Debt Advice Glossary
A Debt is an amount of money owed.
Debt arrangement scheme
The debt arrangement scheme (DAS) is a statutory scheme run by the Scottish Government to help people living in Scotland repay their debts.
Debt collection agencies
Debt collection agencies are organisations that chase outstanding debts. They are either employed by creditors to recover the debt or they can buy the debt from the creditor.
Debt consolidation is the term for taking out a loan & using the money to repay other debts.
Debt management plan (DMP)
A debt management plan is a way of repaying your debts by making reduced payments to your creditors if you can’t afford the full contractual payments.
Debt payment programme (DPP)
A debt payment programme (DPP) is the name given to the formal repayment programme provided under the debt arrangement scheme (DAS). A DPP lets you repay your debts over a realistic amount of time without the threat of court action from your creditors.
Debt relief order (DRO)
A debt relief order is a way of writing off your debts if you’re unable to pay them. It’s a form of insolvency. You have to owe less than £20,000 to apply for a debt relief order.

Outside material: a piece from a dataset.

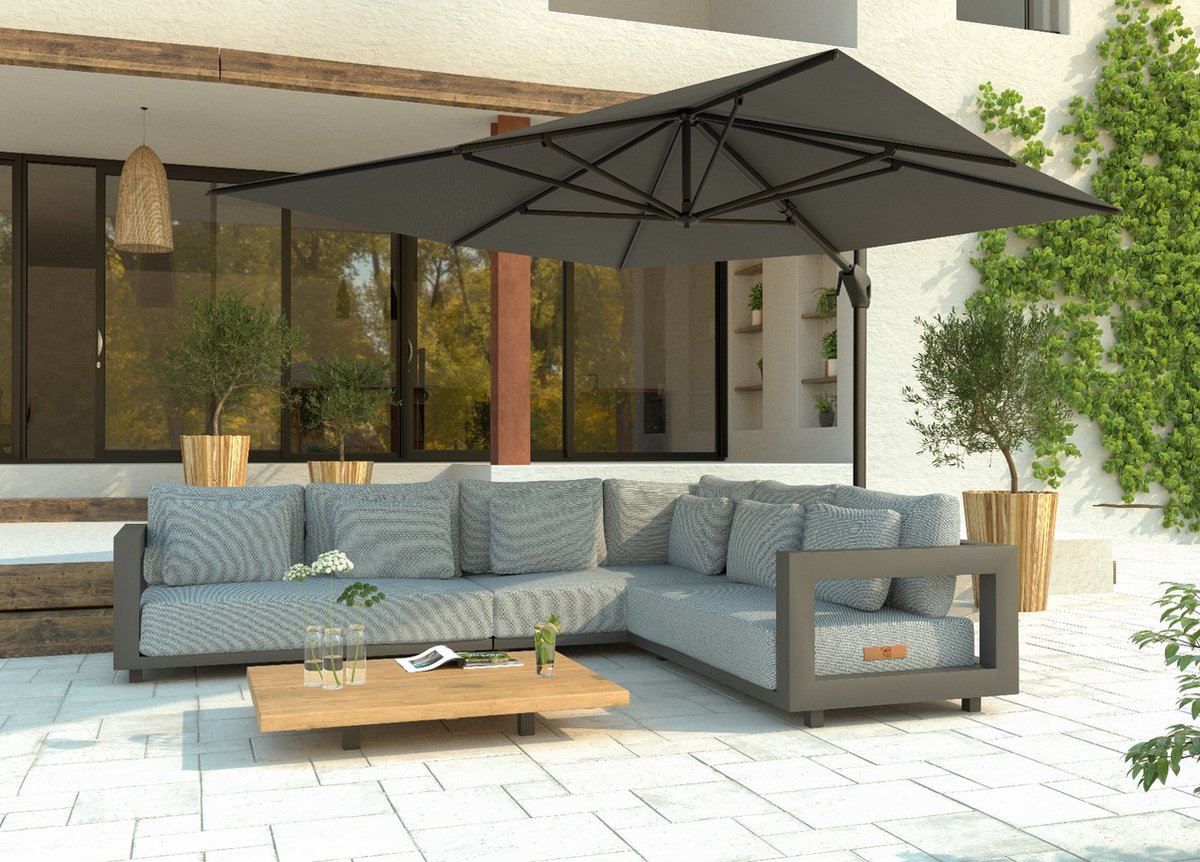 4 Seasons Outdoor Siesta Premium parasol déporté 300 x 300 cm - anthracite / cadre aspect bois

A debtor is someone who owes money.
Decreasing term assurance
Decreasing term assurance is a type of life assurance that pays out a lump sum if you die within the term, but where the amount that’s paid out reduces during the term.
A decree is a judgment or order, issued by the Scottish courts for non-payment of a debt.
Diligence is the term for debt enforcement through the Scottish courts.
A creditor issues a default notice when the terms & conditions of a credit agreement are broken, for example if you can’t pay your contractual payments.
A dependent is someone who relies on others financially, for example a child.
A direct debit is an instruction that you give your bank to pay a certain person or company each month. A direct debit can be for a variable amount.
A discount rate is an interest rate that’s reduced for a certain amount of time before it reverts back to the standard rate. Discount rates are often offered as a type of mortgage rate, or for energy bills.
Disposable income is the amount of money which you have available to spend on non-essential items after you’ve paid for your household bills.